# Assigned task:
The records below must be returned exactly, with every picture left out.
Recorded data Block Start
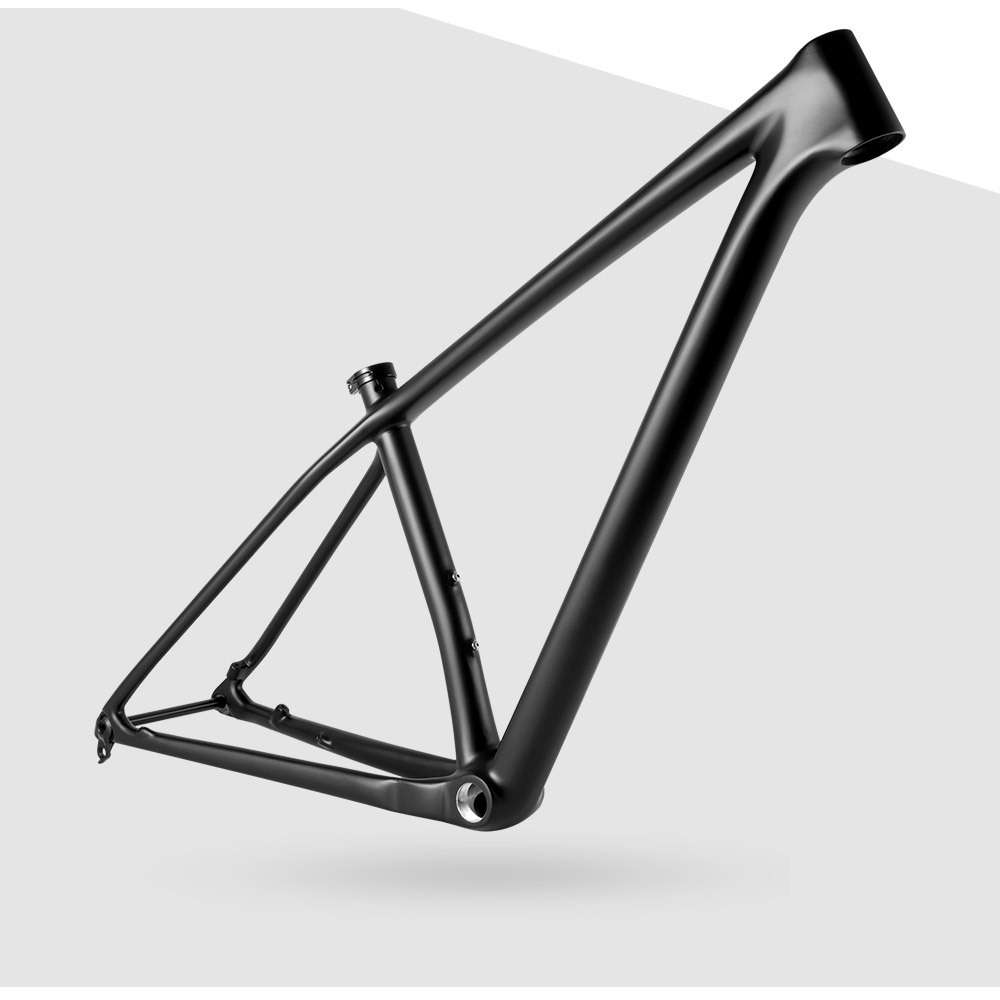 full-t1000-carbon-fiber-mtb-hardtail-mountain-bike-frame-super-light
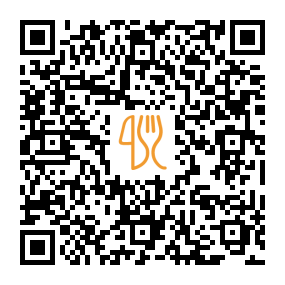 Enlace de código QR al menú de China Wok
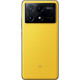 Xiaomi Poco X6 Pro 5G 8/256GB Dual Sim Yellow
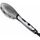Brosse lissante chauffante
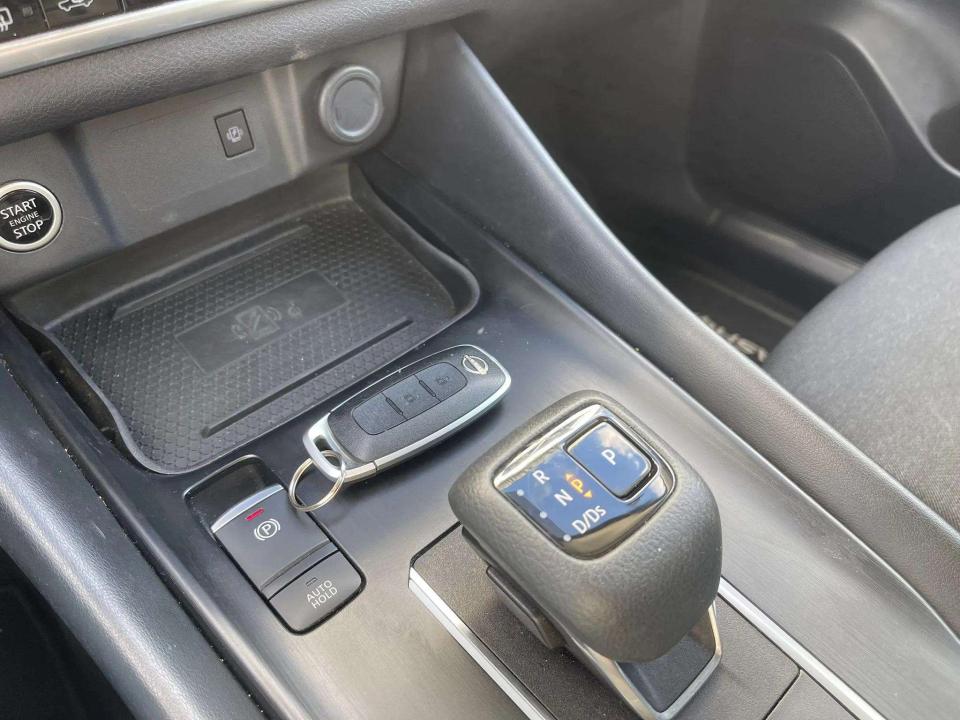 nissan-qashqai-2024-hibrido-1332cc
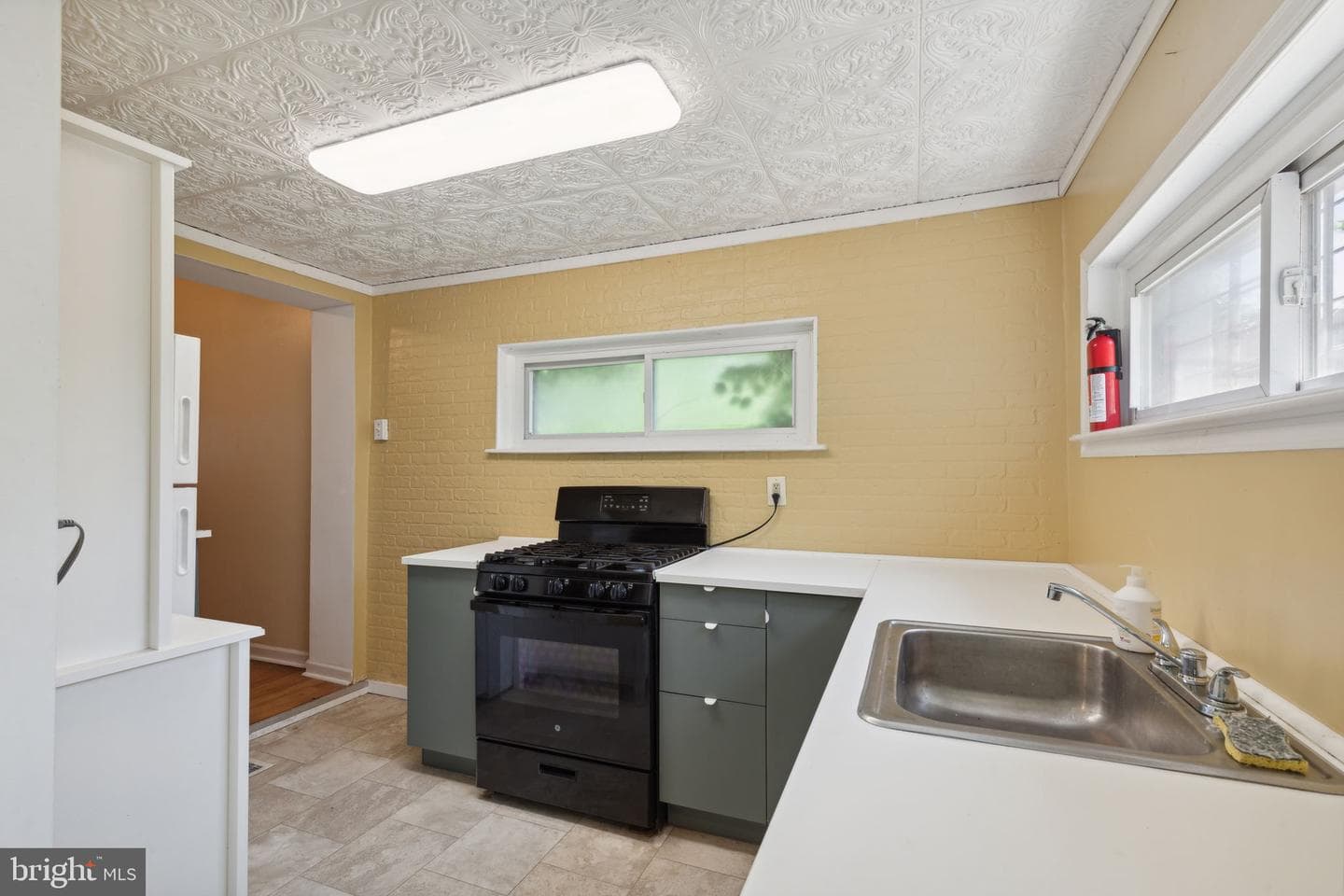2651 Martha St photo 11
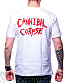  cannibal corpse "hammer smashed face" ()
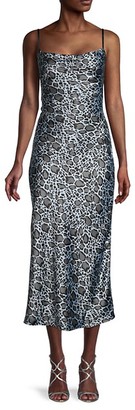 Love ady slip dress Clearance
Recorded data Block End
# Solution to this exercise:
 full-t1000-carbon-fiber-mtb-hardtail-mountain-bike-frame-super-light
 Enlace de código QR al menú de China Wok
 Xiaomi Poco X6 Pro 5G 8/256GB Dual Sim Yellow
Brosse lissante chauffante
 nissan-qashqai-2024-hibrido-1332cc
2651 Martha St photo 11
  cannibal corpse "hammer smashed face" ()
 Love ady slip dress Clearance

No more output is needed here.